Sunday, June 5, 2011

T.J. Chiang: Levels of Abstraction

What is an "invention"? The Wright brothers received a patent for building one embodiment of an "invention" ("a single glider that could barely fly"), but the scope of their patent claims covered a much broader idea of their "invention," which might be interpreted at different levels of abstraction, ranging from all flying machines to only airplanes very similar to the original embodiment. In The Levels of Abstraction Problem in Patent Law (forthcoming in the Northwestern University Law Review), Tun-Jen Chiang (George Mason Law) argues that courts do not even acknowledge that this problem exists; rather, they select a level of abstraction "arbitrarily and silently." Chiang's goal is "to demonstrate that the problem exists and current doctrine fails to acknowledge it" and to "provide the [legal realist] foundation for a more transparent analysis of the problem."

Don't the disclosure requirements solve this problem, so that the Wright brothers could not claim flying machines at such a high level of abstraction that they are not enabled by the specification? For example, the Supreme Court invalidated patents for claiming more than was disclosed in O'Reilly v. Morse (where Morse attempted to claim all communication through electromagnetism) and The Incandescent Lamp Patent (where Edison's competitors attempted to claim all light filaments). But Chiang notes that "a literal application of the 'full scope' rule [that the specification must disclose every embodiment covered by the claim] would invalidate every patent in existence. . . . because, as Jeffrey Lefstin has pointed out, every patent claim covers an infinite array of embodiments, which cannot all be taught by the specification."

In contrast with the "full scope" rule, Chiang describes the "one-embodiment-enables-everything" rule, which stems from a second line of cases like Invitrogen v. Clontech and Durel v. Osram (click for highlighted quotes). Although "courts have attempted to reconcile these two lines of cases [by] hold[ing] that 'after-arising' technology need[] not be taught," Chiang argues that this distinction makes little sense: "the cases are utterly irreconcilable" and "[a] citation to one or the other line of cases can justify any outcome."

Chiang notes that "courts usually reach sensible results anyway," but argues that "outcomes are largely sensible precisely because there is judicial discretion." He is not troubled by this discretion, but he wants courts to be more honest about it: "the masking of the true decision-making process behind formalist rhetoric makes it more difficult to resolve the many cases that are never litigated, ultimately forcing more litigation and expense." Instead of engaging in futile debates over dictionaries and textual meaning, Chiang argues that courts should openly make "an assessment of the social benefits of the pioneer’s work; the incentives necessary to achieve this breakthrough; the cost of monopoly in terms of what later research has been or will be hampered; and the extent to which subsequent research is derived from the pioneer’s work."

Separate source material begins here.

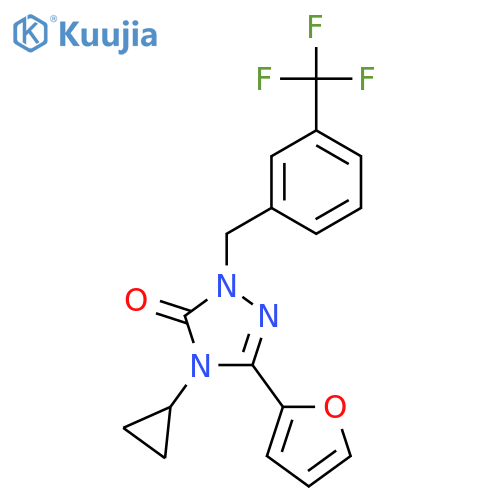 4-cyclopropyl-3-(furan-2-yl)-1-{3-(trifluoromethyl)phenylmethyl}-4,5-dihydro-1H-1,2,4-triazol-5-one structure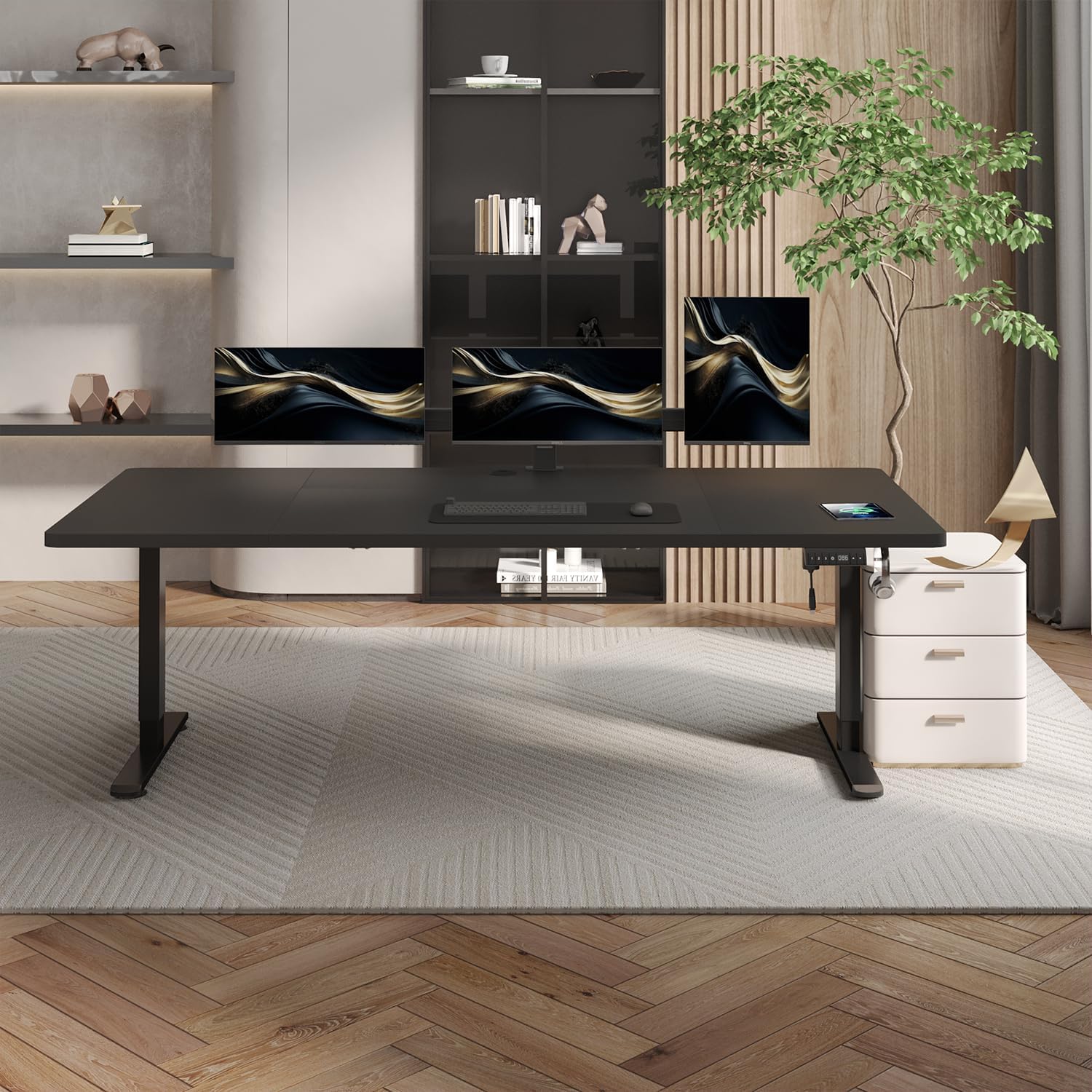 JUMMICO Höhenverstellbarer Schreibtisch 180 x 80 cm mit Kabelwanne, Höhenverstellbar Elektrisch Stehpult mit USB-Buchse, Computertisch, Ergonomischer Steh-Sitz Tisch, Bürotisch, Schwarz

I think The Levels of Abstraction Problem in Patent Law does a nice job pointing out some inconsistencies in patent doctrine, but even if courts resolve to be more open in addressing this problem, it isn't clear what they should be openly doing. Chiang joins scholars like Abramowicz and Duffy and Burk and Lemley in arguing that courts should play an active role in shaping patent law to meet utilitarian ends. And I think Chiang is right in suggesting that this approach "is less prone to arbitrariness in intellectual property law than other areas, because there is widespread consensus on the normative framework—economics-based utilitarianism," so that "disagreement about patent outcomes is largely empirical." But this empirical disagreement has not been resolved by scholars—there are still serious debates about whether patents even provide a net benefit in some technological fields, and specific questions like the efficient scope of a given patent are even harder—so I'm not convinced that a judge committed to Chiang's approach would be able to figure out how to decide a given case. Still, even describing the question judges should be asking is a useful contribution, and this article has made me think much more carefully about what "invention" really means. It is one of the more interesting patent articles to come out in the past year, so I recommend downloading it.